YOUR ASSIGNMENT:
Transcribe exactly, and only, the lines running from the one with "Building Photo - Rent: $2100; 3 bed" to the end of the entries below, both included, without any pictures.

↓

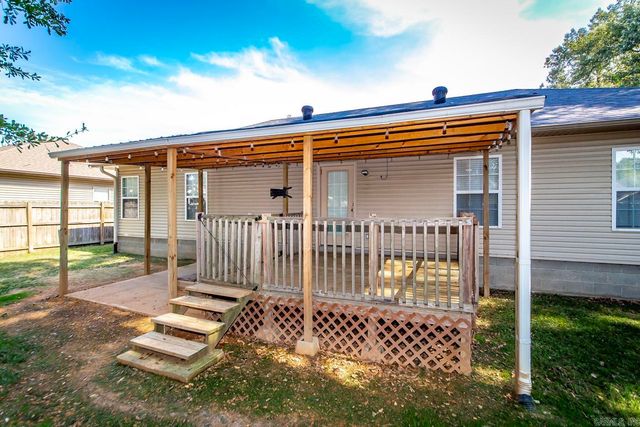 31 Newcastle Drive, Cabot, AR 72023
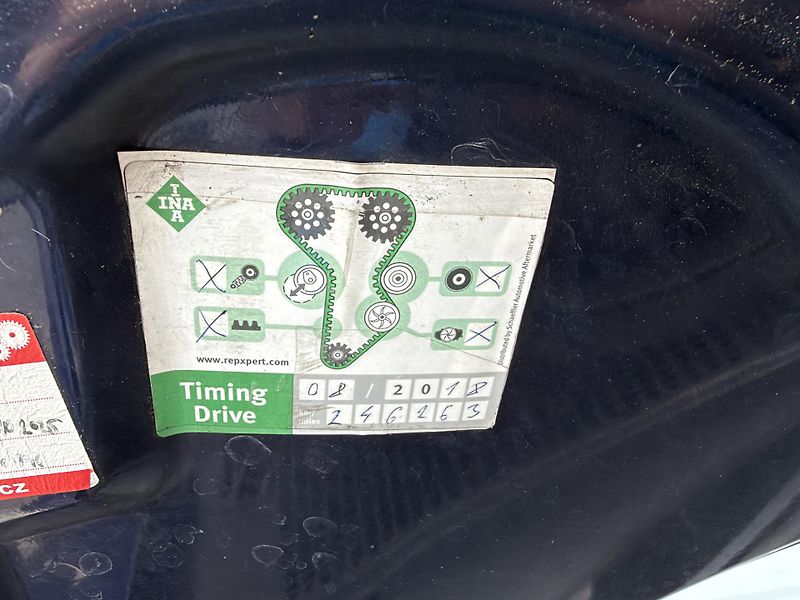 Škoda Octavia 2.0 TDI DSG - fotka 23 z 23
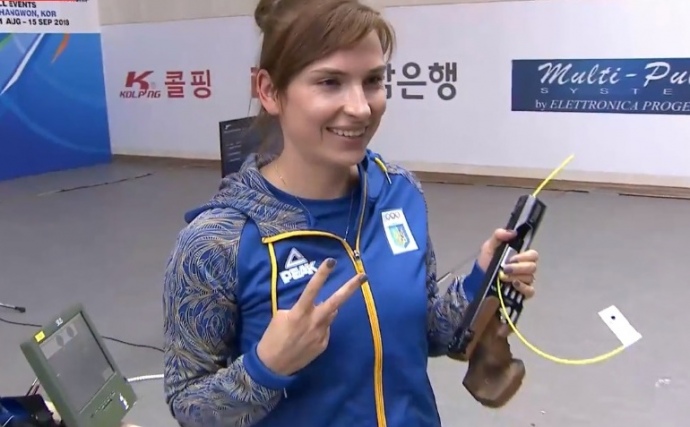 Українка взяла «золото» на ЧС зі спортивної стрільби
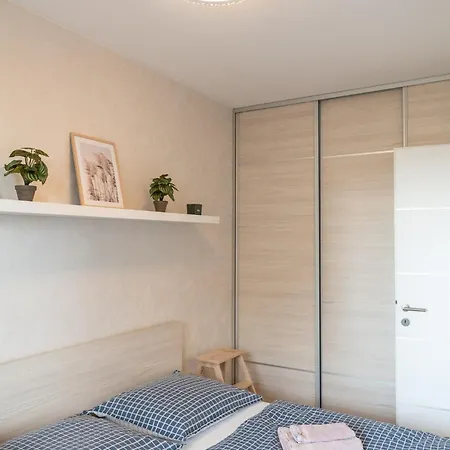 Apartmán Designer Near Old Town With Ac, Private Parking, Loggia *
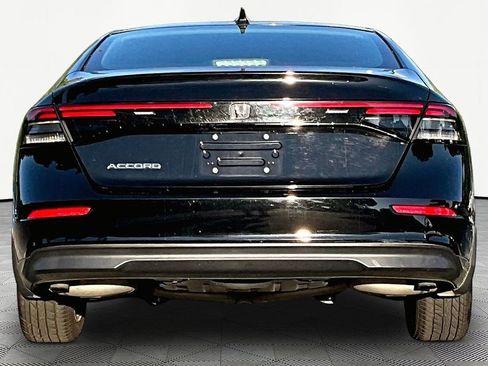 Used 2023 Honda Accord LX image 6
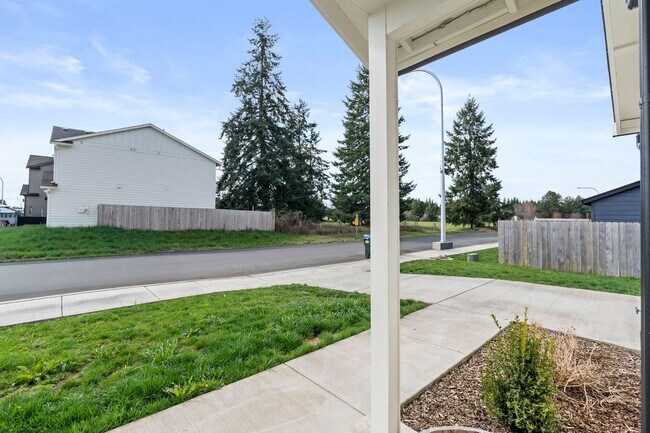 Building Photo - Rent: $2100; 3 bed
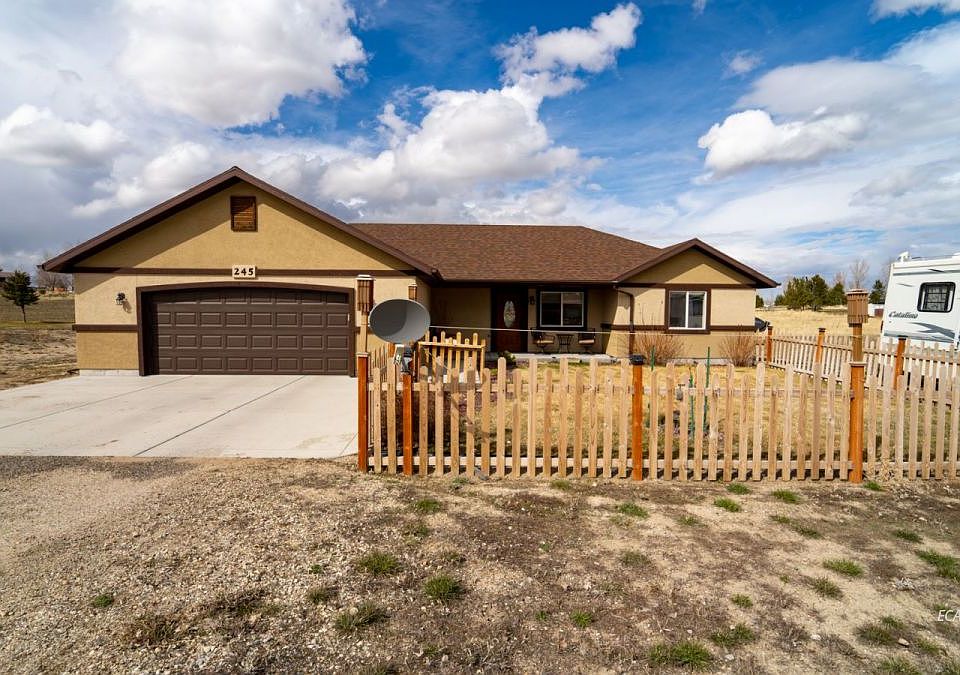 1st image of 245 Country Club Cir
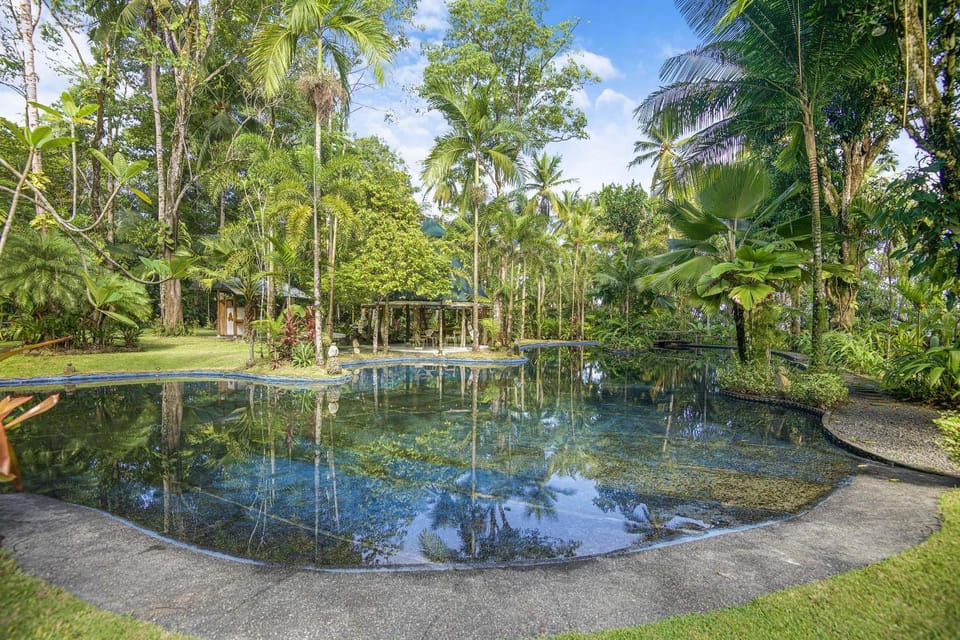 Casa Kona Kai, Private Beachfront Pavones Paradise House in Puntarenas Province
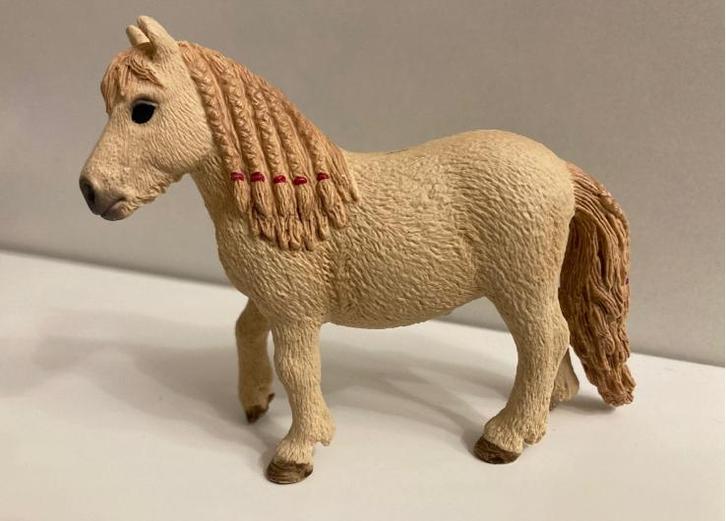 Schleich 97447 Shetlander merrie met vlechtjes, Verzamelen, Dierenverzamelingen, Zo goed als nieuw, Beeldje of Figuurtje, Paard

↑

ANSWER FOR THIS EXERCISE:
 Building Photo - Rent: $2100; 3 bed
 1st image of 245 Country Club Cir
 Casa Kona Kai, Private Beachfront Pavones Paradise House in Puntarenas Province
 Schleich 97447 Shetlander merrie met vlechtjes, Verzamelen, Dierenverzamelingen, Zo goed als nieuw, Beeldje of Figuurtje, Paard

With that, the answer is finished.